They took a few steps and Chloe felt Ambrose pause as he studied the ground.

“What’s that then?” she asked, leaning forward with him to look at the strange prints on the ground. They looked like animal prints, but were thin and spidery with four front prongs and a center pad that was a perfect oval.

“What strange tracks,” said Ambrose.

Both constables approached, eyeing the ground. Ambrose showed them the tracks and the officers exchanged a dark look. “The hound,” one of them said to the other as Ambrose led Chloe back to the carriage.

From this direction, facing away from the bog, Chloe could see a small bank of rocks close to the crossroads. It was like a half-cairn, built into the side of the hill, about waist-high and twice as wide. Dark holes gaped around the stones, the perfect dwelling places for mice or snakes. Something about it drew her eye.

Miss Haynes, Mr. James and Mr. Frick were waiting. Mr. Frick held his crisp gray bowler over his chest in respect for the deceased. Miss Haynes’s eyes were downcast, her arms folded loosely across her midsection.

Ambrose was frowning, and Chloe could not bear to put him out further. She followed him to the carriage. Wordlessly, Ambrose handed Chloe inside and Mr. James drove gently around the police horses and in the direction of Aynesworth House.

Ambrose tried to distract her, pointing out a tor sitting atop a hill in the distance, its giant stones eerily stacked upon one another as if an enormous child was playing with his blocks. The moor was littered with such natural formations, as well as ancient man-made stone circles and the remains of a number of equally ancient circular stone huts. They passed hills covered in bracken fern and chunks of granite, varying in size from small boulders to great stones the size of an airship engine.
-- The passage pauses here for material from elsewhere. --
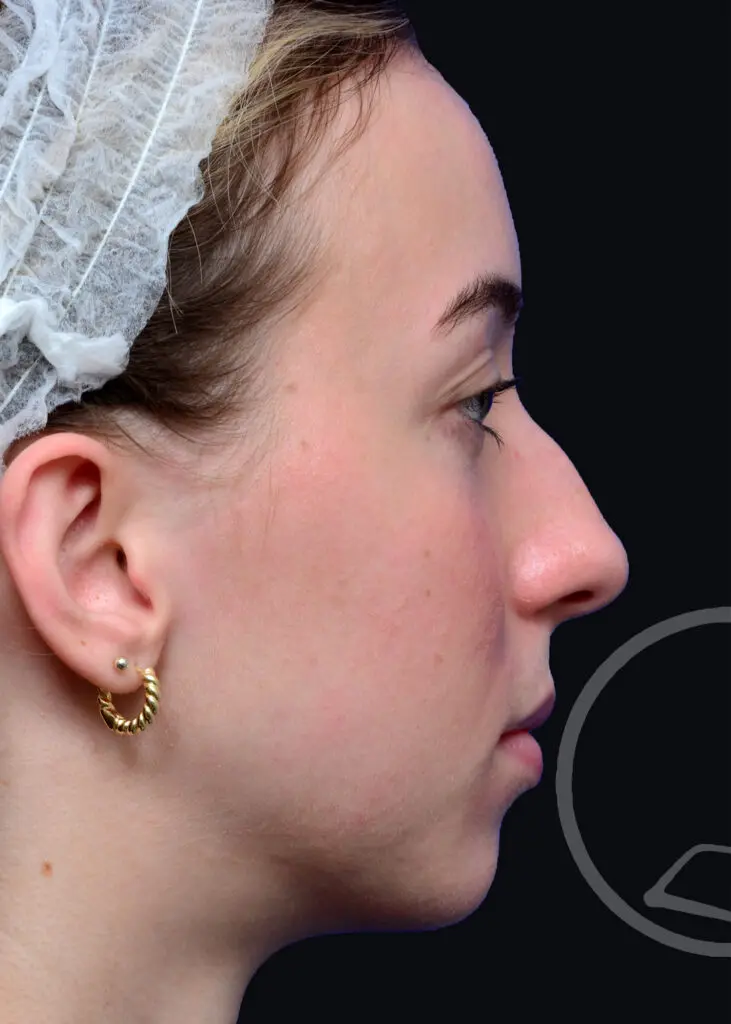 Plastic Surgery Before and After Pictures in Jacksonville, FL - Garcia Facial Plastic Surgery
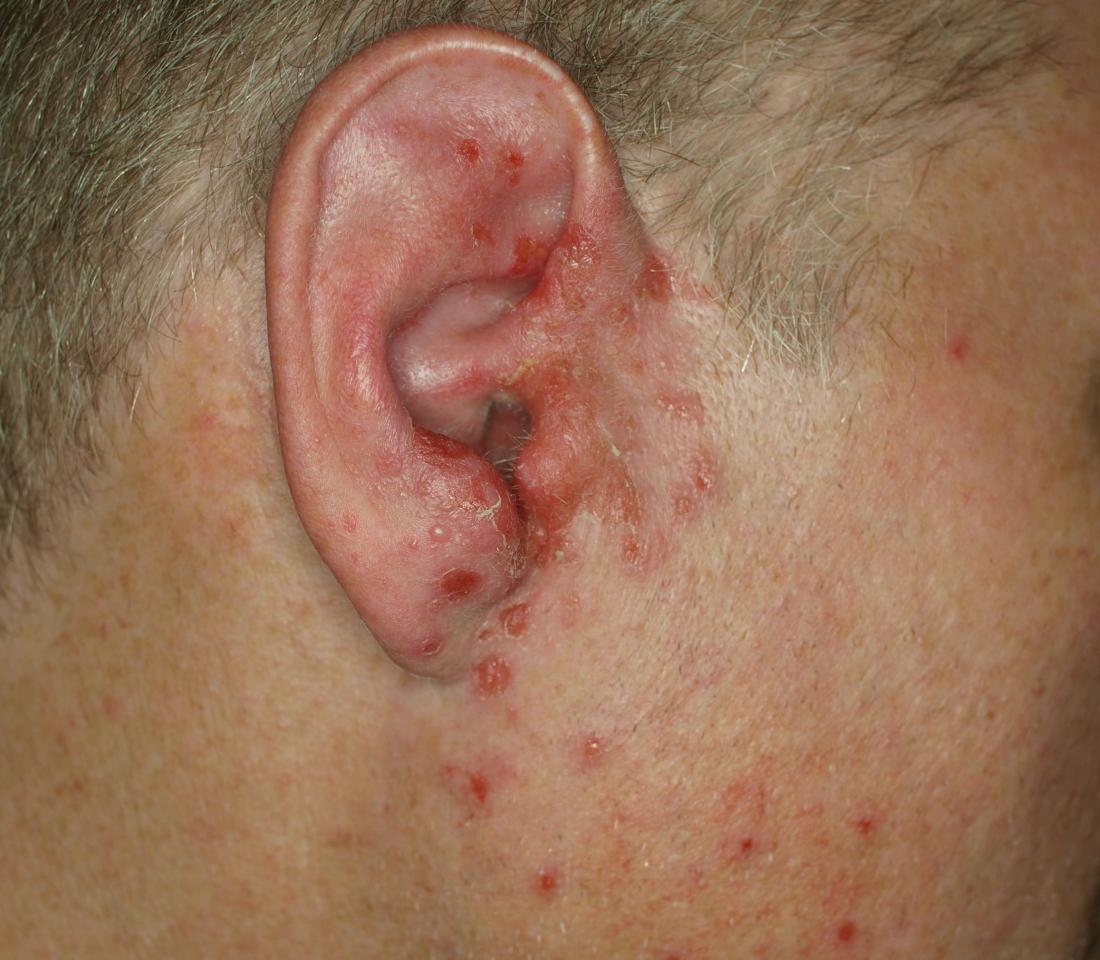 Impetigo on a mans ear <br>Image credit: Klaus D. Peter, 2017</br>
“I can’t imagine that Camille would have any enemies,” said Chloe. “Do you think it was because of her research? Perhaps there was a competitor who wanted to patent a similar design.”
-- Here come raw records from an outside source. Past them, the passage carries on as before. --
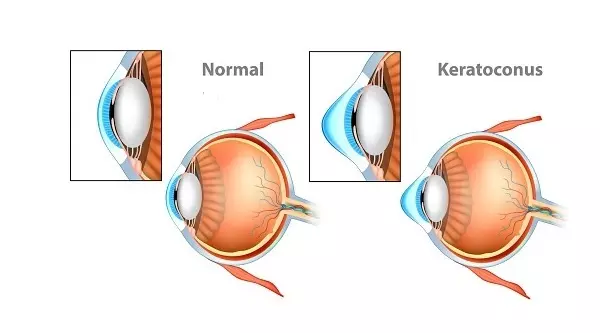 Keratoconus -  (ejtsd: keratokónusz)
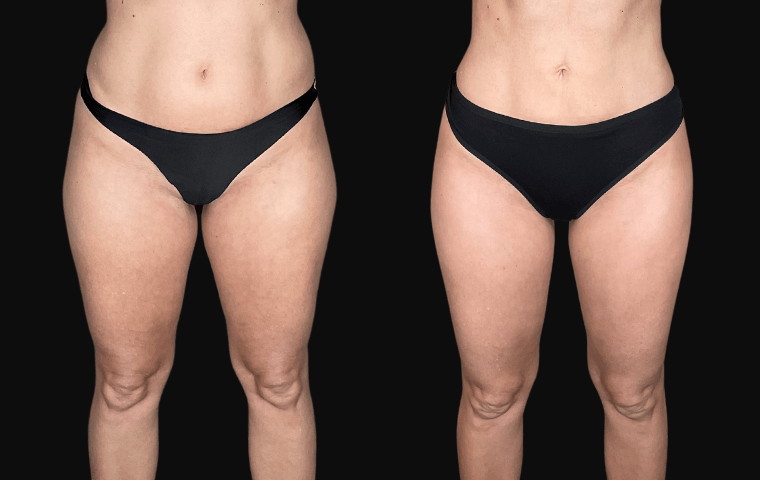 High Definition Lipedema Surgery en Tunisie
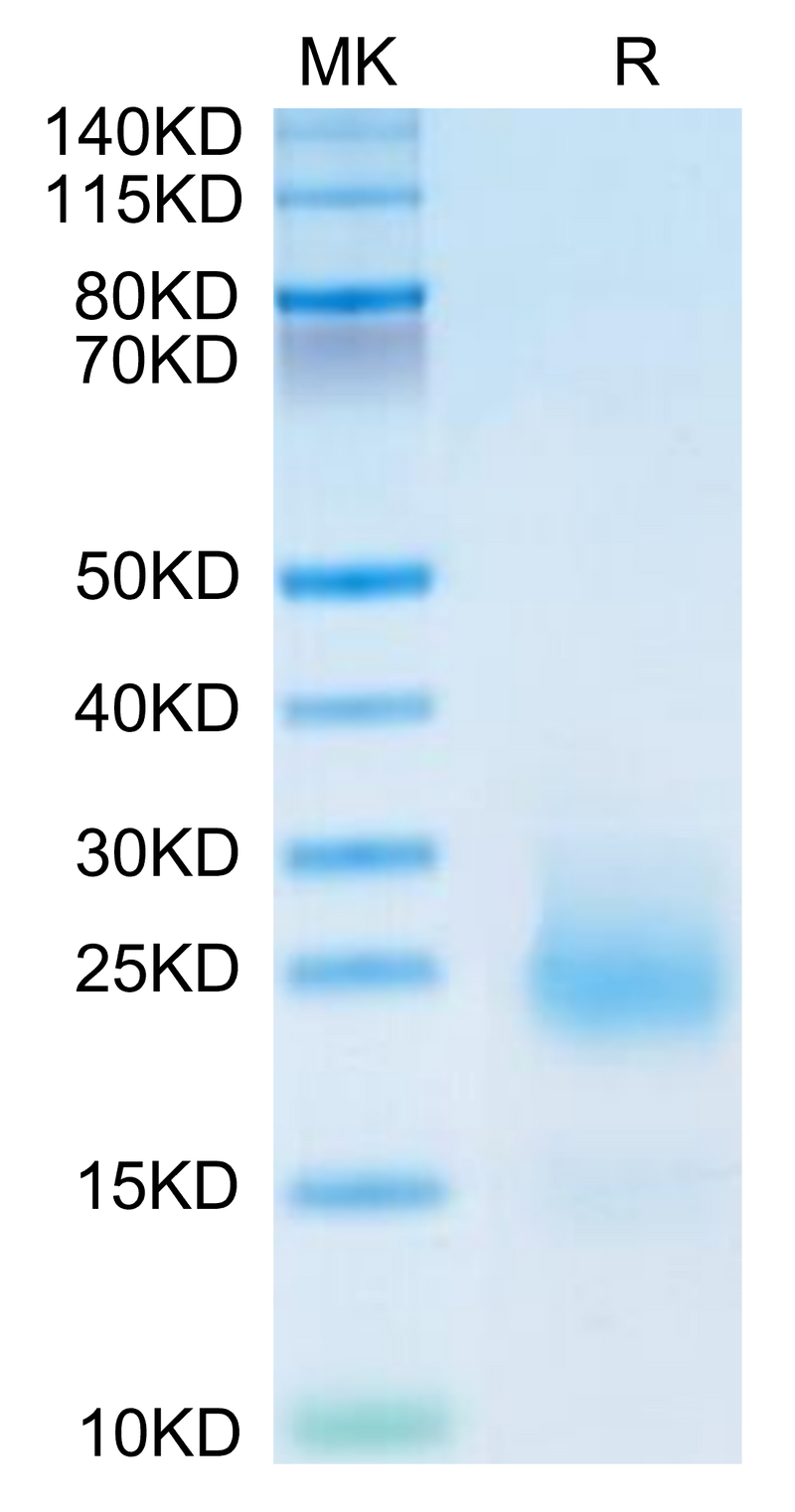 Mouse CCL24 on Tris-Bis PAGE under reduced condition. The purity is greater than 95%.Recombinant Mouse CCL24 Protein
Miss Haynes’s head jerked up. She was not only Chloe’s lady’s maid, but was regularly drafted into assisting with experiments and prototypes. She was both intelligent, patient and could manage to dress Chloe’s unruly copper penny hair, all of which made her an ideal employee.

When Ambrose didn’t answer, Miss Haynes said softly, “Perhaps someone would have been threatened by her work and killed her to get rid of potential competition. One of the coal companies perhaps?”

“I doubt it,” said Mr. Frick. “They were just early designs, right, mum?” He looked at Chloe who nodded. “No need to commit murder for that.” He settled back into staring glumly out the window.

Ambrose reached into Chloe’s satchel, pulling out Giles and turning him over to find his power switch.

“No, leave him for now,” she said, though she did take the still form and place it in her lap. She stroked his patchwork cloth cover and thought of the sheaf of papers in her satchel. Along with various notes and diagrams were a few of the many letters she and Camille had exchanged.

After Chloe had discovered Mrs. Granger’s academic paper on cadmium and nickel batteries, she had written to Cambridge University, the publisher of the paper, with a request to forward her letter to the author. She had signed the letter C. Sullivan and waited.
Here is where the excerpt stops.